Our immunology system is very small, practically invisible, physically
insignificant, and yet is composed of myriads of individual cells without
which you cannot live. And these cells are not indistinct. There are different
types of them, with different properties or functions, as there are different
types of asteroids. Slow-moving asteroids taking 90, 190, 500, or 1200
years to complete a revolution around the Sun have very different qualities
than those that circle the Sun every 4 years or less. This type of orbital
thinking is fundamental in astrology, and is the main reason why, apart
from size, Saturn is different from Mercury.

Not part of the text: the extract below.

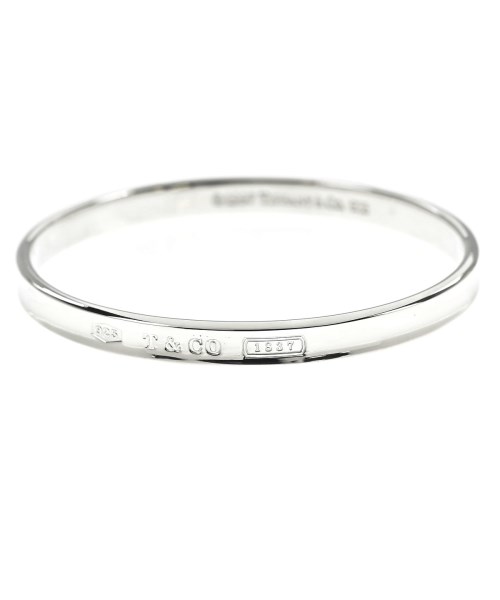 TIFFANY & CO.(ティファニー)ブレスレット・バングル シルバー サイズ:-/2200634812316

This distinction is often not made in asteroids work, and is one of
my main criticisms of it.
I like to distinguish between asteroids and centaurs. Centaurs, as well
as transneptunians, are a new category of bodies, very different from what
is normally thought of as "asteroids". They move 20 to 200 times slower,
have a different origin, a different physical constitution, are generally
much larger (specially the kbo's), and have very dramatic cometary orbits,
almost the opposite of what you find in the majority of the "normal" asteroids.
They refer to very different levels of life and of nature as Neptune and
Pluto are to Venus or Mars.
It is not easy to make good use of something of which the mind is not
clear what it means or how to use it. But this is a result of the lack
of experience, and is what one should expect when someone is learning.
And in terms of asteroids, everybody in astrology is learning. I don't
think that ignoring the asteroids is the way of the future; I prefer to
think that astrology's future is in our ability to face the new and the
unknown, and develop new paradigms and break with tradition, in consonance
with what is happening all around us.